WHAT YOU HAVE TO DO: For this exercise, output exactly and only the lines running from the one with "this 685×514 image." through the final line of the data below, without pictures.

Segment Start: TASK MATERIAL

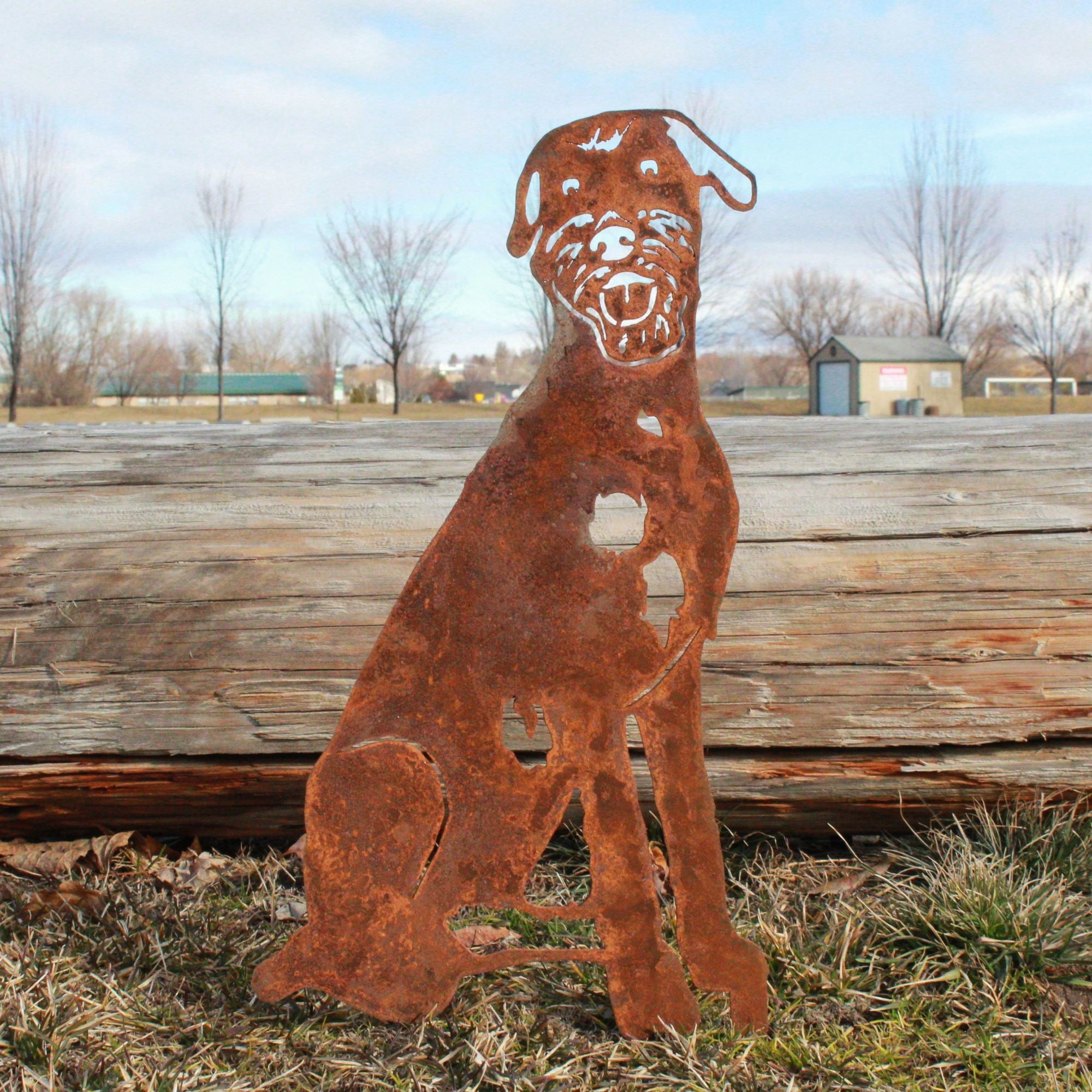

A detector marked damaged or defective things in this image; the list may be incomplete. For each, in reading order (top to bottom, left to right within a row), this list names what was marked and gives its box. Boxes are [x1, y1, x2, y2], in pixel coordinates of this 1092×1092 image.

rusty metal dog sculpture [253, 113, 769, 1040]
rust patina [253, 113, 769, 1040]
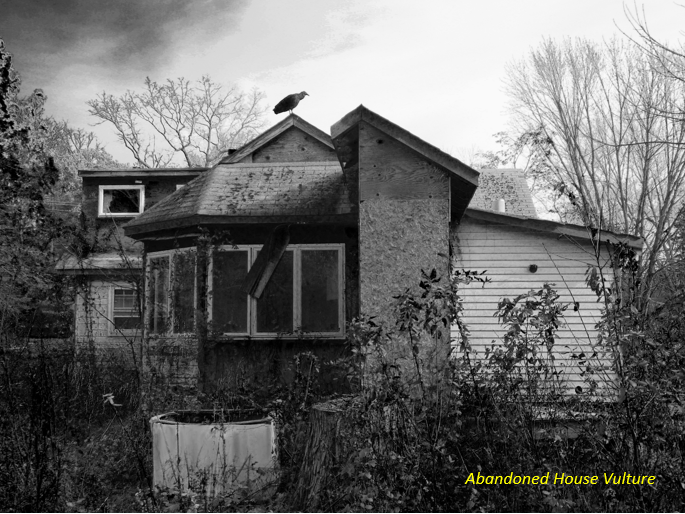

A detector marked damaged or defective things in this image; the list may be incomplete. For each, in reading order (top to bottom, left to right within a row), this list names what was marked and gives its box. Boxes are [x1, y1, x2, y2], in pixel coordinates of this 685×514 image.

broken window [99, 185, 144, 215]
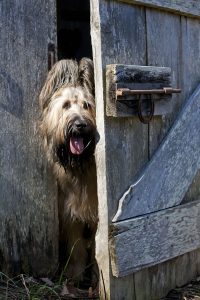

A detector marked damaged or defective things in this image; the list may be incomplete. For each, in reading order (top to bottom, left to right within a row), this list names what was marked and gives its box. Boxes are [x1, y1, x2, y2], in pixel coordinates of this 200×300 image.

rusty metal hardware [116, 86, 182, 124]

Segment End: TASK MATERIAL

EXERCISE SOLUTION:
A detector marked damaged or defective things in this image; the list may be incomplete. For each, in reading order (top to bottom, left to right within a row), this list names what was marked and gives its box. Boxes are [x1, y1, x2, y2], in pixel coordinates of this 685×514 image.

broken window [99, 185, 144, 215]

A detector marked damaged or defective things in this image; the list may be incomplete. For each, in reading order (top to bottom, left to right within a row), this list names what was marked and gives its box. Boxes are [x1, y1, x2, y2], in pixel coordinates of this 200×300 image.

rusty metal hardware [116, 86, 182, 124]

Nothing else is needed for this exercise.